I get really excited when I come across a nice W116 Mercedes-Benz. Full disclosure, it is probably because I own one and enjoy it a lot. When I caught a glimpse of this 1973 450SEL up for sale in Chicago, my ears really perked up. Being a 1973, the first year for the W116 in North America, it meant that this car had its proper slim bumpers and not the diving boards they put on these cars from 1974 to 1980. Not only that, but I saw some red leather peeking out from inside the car. Now I was really interested! Come to find out, this 450SEL had just 54,000 miles on and looks to be in exceptional shape. Of course the gears in my head started turning and I started to guess how much this prime example was going to command. When I found out, I wasn’t too surprised, but I also knew that this car wasn’t going to be a quick sale just because of what the W116 is.
CLICK FOR DETAILS: 1973 Mercedes-Benz 450SEL on eBay
Engine: 4.5 liter V8
Transmission: 3-speed automatic
Mileage: 54,385 mi
Price: No Reserve Auction
Background: The ‘new’ S-class generation development began in 1966 and was introduced at the Paris Motor Show in September,1972.

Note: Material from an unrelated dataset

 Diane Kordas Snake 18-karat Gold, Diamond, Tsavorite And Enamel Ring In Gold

1973 was a landmark model year, a great leap forward into the modern age for Mercedes Benz technology and design. With focus on improved driver and passenger safety technology, the 450SEL represented the first re-engineering and redesign of its top line sedans since the 1960s, featuring a more stable security passenger cell with a stiffened roof frame structure. High strength roof and door pillars, along with other reinforced zones, provided enhanced vehicle occupant protection. Doors unlatch with a gratifying mechanical click, and close with a bank vault-like “ring”, a mark of quality.

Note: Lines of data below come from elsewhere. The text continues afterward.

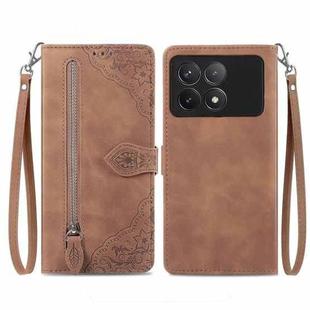 For Xiaomi Redmi K70 Embossed Flower Zipper Leather Phone Case(Brown)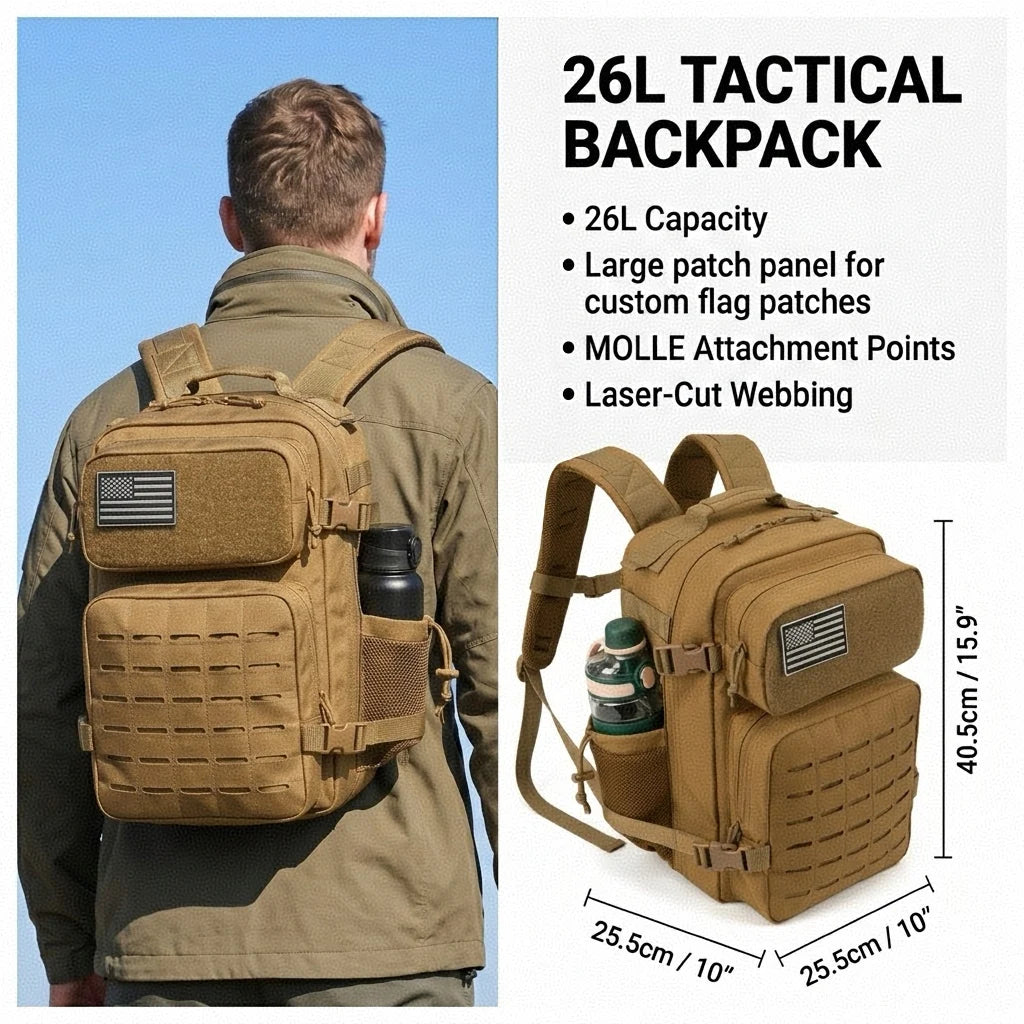 ReFire Gear Tactical Backpack Molle Hiking Rucksack with Cup Holders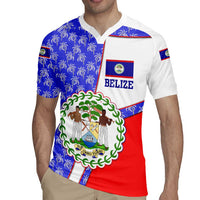 Belize Coat of Arms Rugby Jersey with Palm Pattern and Split Red Blue Design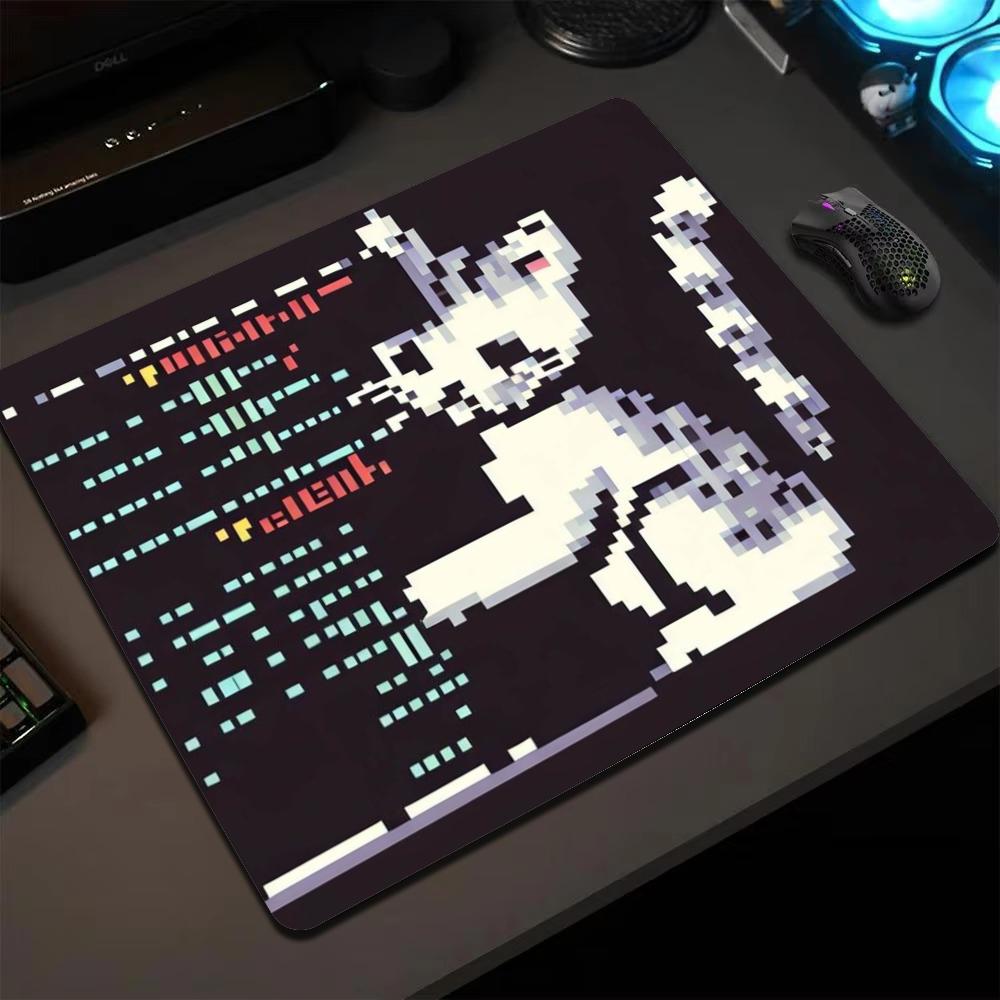 Mouse Gaming Retro - Mini Mouse Pad Pixel Cat com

The car was designated the “S Klasse”, nomenclature still in use by Mercedes today to call out its flagship.
Features & Technologies rarely found by its contemporaries: Aluminum single overhead 4.5 Litre V8 engine, 4-wheel disk brakes, fully integrated air conditioning, first year for OEM radial tires, transistorized ignition, cruise control, dual band Becker stereo radio, and safety designed interior construction.Safety, craftsmanship and no-compromise engineering is what it’s all about. Named “European Car of the Year” in 1973; Road & Track named it “The Best Sedan in the World”.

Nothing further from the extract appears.